But farm groups will be worried until clear signals are sent that they aren’t going to be made Enemy Number One in the next few years. The worry among all the farm groups that joined the Manitoba Pork Council in objecting to the Save Lake Winnipeg Act is that it is the thin edge of the wedge, and that farmers beyond hog farmers will be targeted by unreasonable phosphorus controls. About 87 percent of the phosphorus applied to Manitoba soils by farmers comes from commercial fertilizer used by crop farmers.

Other things farmers will be watching for:

* Funding for farm groups. Keystone Agricultural Producers has fought long for stable funding. The NDP said it was willing to provide an enforceable refundable checkoff for KAP – and the National Farmers Union. This is probably too small a thing to make it into a Throne Speech.

* Money to pay farmers for environmental protection. NDP likes using a number of different programs. KAP pushed for a general program.

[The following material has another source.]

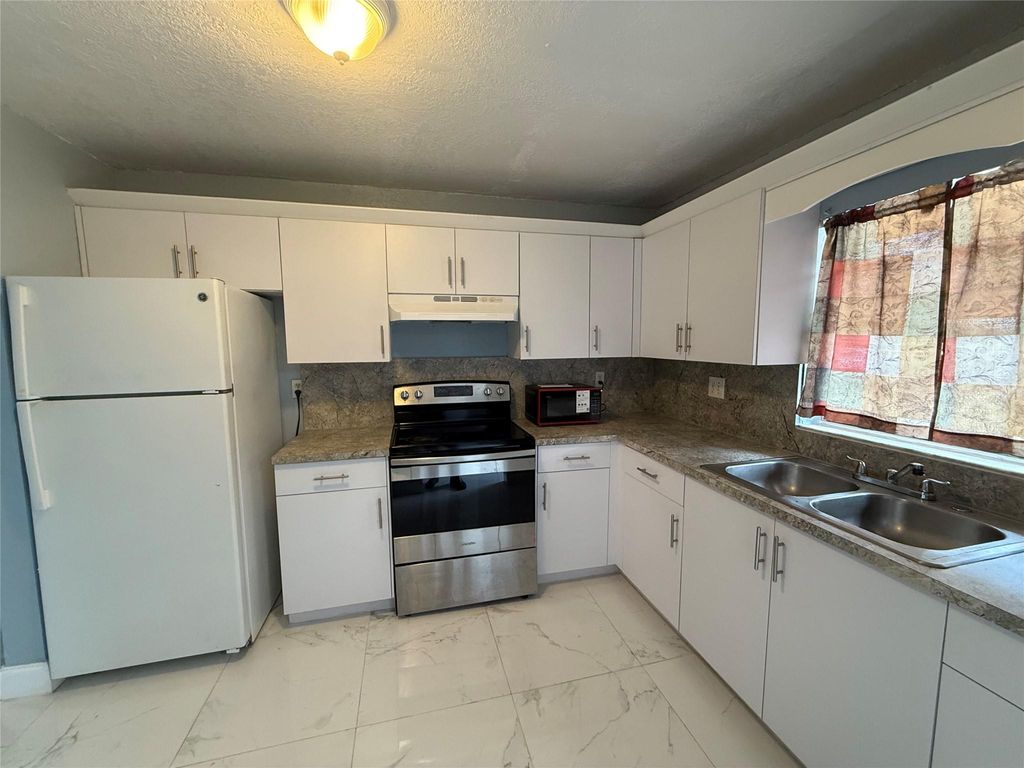 Photo of 1751 SW 40th Terrace #A, Fort Lauderdale, FL 33317 (MLS # F10494561)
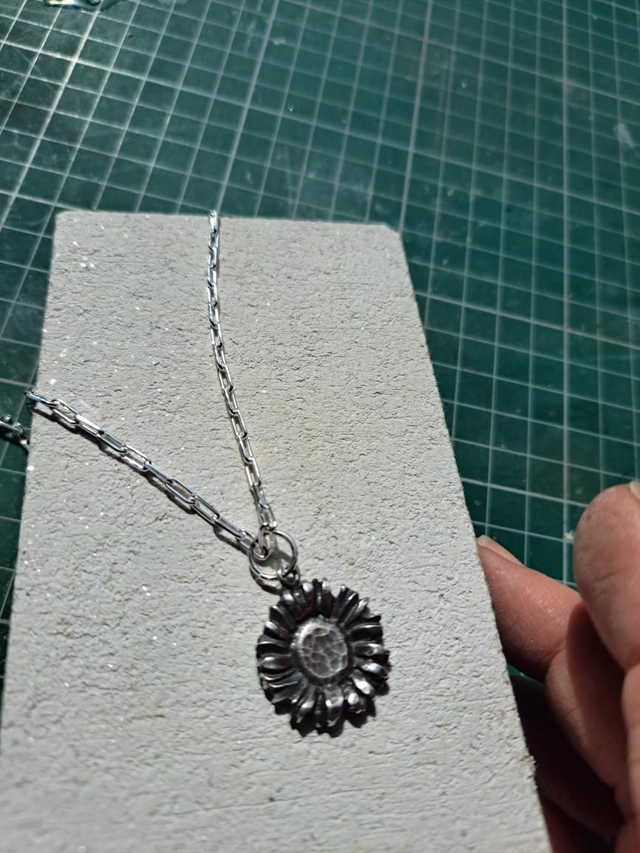 Silver sunflower pendant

* Action on the Canadian Wheat Board: the Selinger government has been a strong supporter of the CWB’s monopolies. Will it go beyond talk and into any sort of action? Others might be planning legal action. What about the Manitoba government?

* A big water plan: floods ravaged both crop farmers and cattle producers this spring, and most groups think a general provincial watersheds plan needs to be developed to minimize problems of spring flooding.

This morning on CBC radio Selinger sounded rested, confident, reasonable. Farmers will be hoping that extends to ag policy.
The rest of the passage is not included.